There must be some truth to the myth of the miserable jester. We are fascinated by the whole idea of tears behind the laughter. Maybe there is a connection between wanting to make people laugh to fill a void in your soul. There's the famous story about a man going to see a psychiatrist because he was depressed. The psychiatrist advised him to go and see "the great clown Grock", who was currently performing in the city. Grock would cheer him up. The depressed man replied: "That's the trouble. I'm am Grock."

Then again, maybe it's just the nature of human beings to be dysfunctional. I've also met a few moody plumbers in my time and the man in the my local stationery shop is not a bundle of laughs. And I suppose if I moved in dentistry circles I'd have met a few unstable dentists. It's just you don't get the BBC making dramas out of depressed dentists.

06/03/2008

Two's Company

Depending on what newspaper you read Dawn French and Jennifer Saunders' current tour is either their last ever live tour, the last time they will perform together or possibly even the last time Dawn French will get up onstage before she retires to a quiet life eating Chocolate Oranges in the West Country.

The Evening Standard will be reviewing the show when it reaches the south of England later this month, but early reports from the northern leg of their first outing in seven years suggests that it is pretty good. At their advanced age they may not be winning over any new fans but they are certainly satisfying the ones they have with a mix of Madonna spoofs, Catherine Zeta-Jones send-ups and Abba songs.

I'm not even going to enter into a debate about whether women can be funny at this juncture (answer: yes, even though at a recent talent competition I was judging, when the second woman came onstage halfway through the show a man behind me said "Oh no, not another bloody woman"). What I'm interested in is the nature of double acts.

I guess the obvious comparison is with marriages. Some last longer than others and there are inevitably arguments. Sometimes the spark just goes. One performer I interviewed described a double act as "like a marriage but with less sex."
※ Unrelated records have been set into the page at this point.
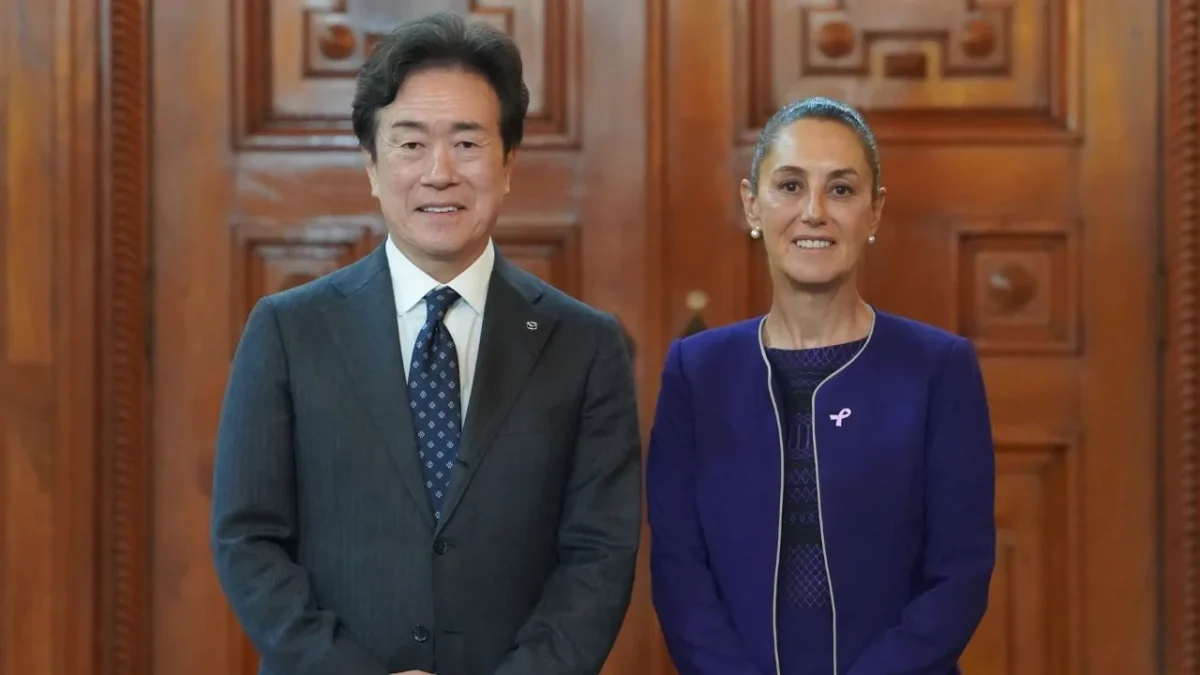 Sheinbaum se reúne con el director ejecutivo mundial de Mazda en Palacio Nacional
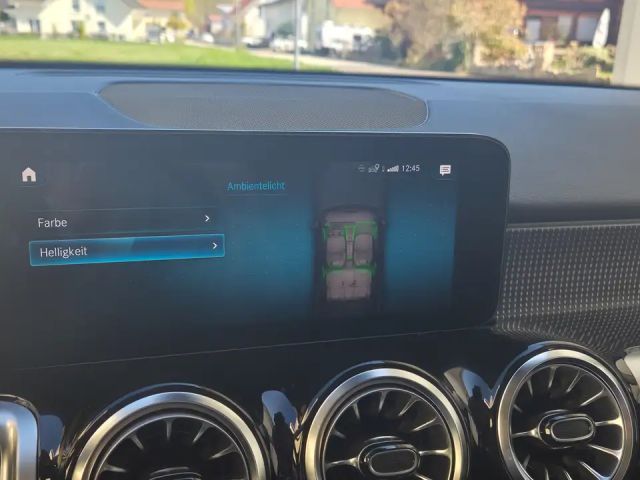 Mercedes-Benz EQB 300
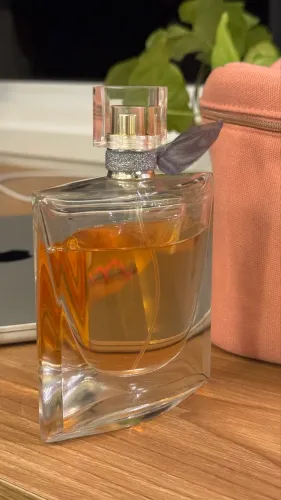 Lancôme La Vie Est Belle Eau de Parfum Feminino frasco de 100ml deve ter uns 80ml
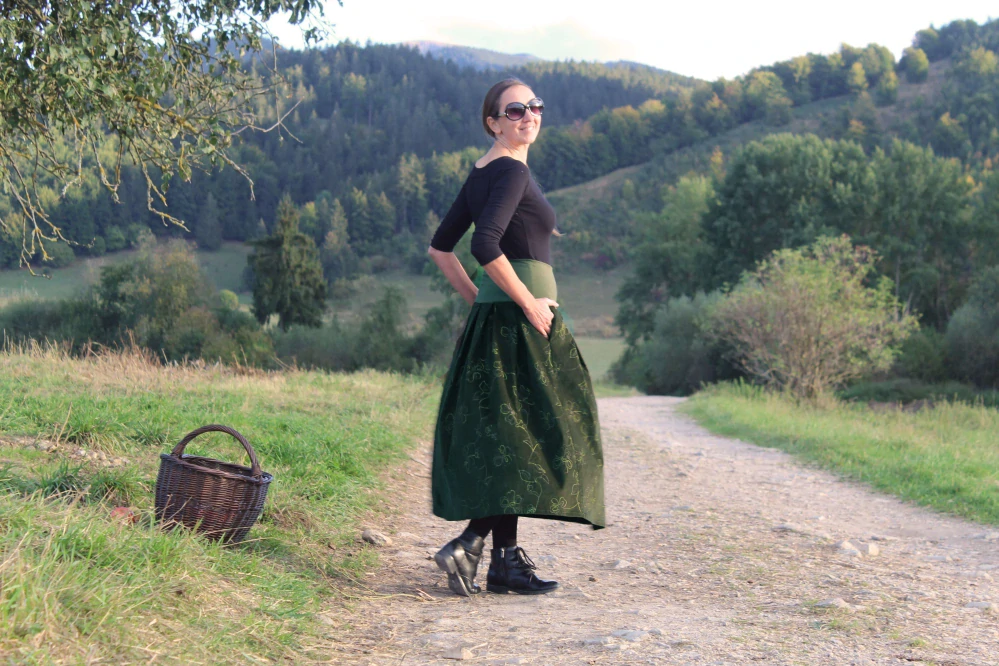 Zelená sukňa s vyšívanými kvetmi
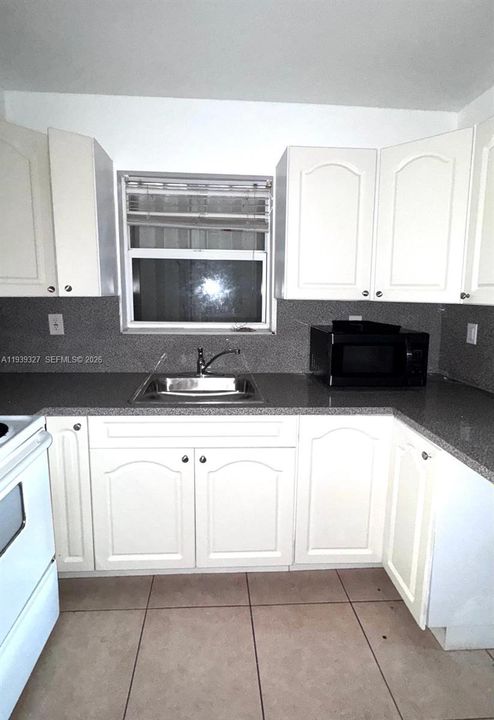 В аренду: $2,200 (2 спален, 1 ванн, 3427 Квадратных фут)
French and Saunders seem like a couple who have never had a cross word, yet even they have decided to, as it were, "see other people", ie pursue other projects. Maybe it runs in the family. A couple of years ago Ade Edmondson, aka Mr Saunders, decided to knock his slapstick double act with Rik Mayall on the head. Which was apt, because they'd been knocking each other on the head for years. They are still mates and may well still work together again, but don't hold your breath waiting for another series of Bottom.

Another intriguing case study is Vic and Bob. While they haven't actually split and last year did an enjoyably daft Radio 2 series together, Vic Reeves has frequently been working solo in recent years. But even as his most ardent fan I'd be hard-pushed to say that anything he has done without Bob Mortimer has come close to the giddy heights of their toweringly silly Big Night Out.

Of course, double acts will invariably want to try different things and you only live once, so who can blame them for branching out? It has happened with Peter Cook and Dudley Moore, Baddiel and Newman and pretty much any double act you can think of. In fact Morecambe and Wise might be the only high profile duo whose career together ended due to death.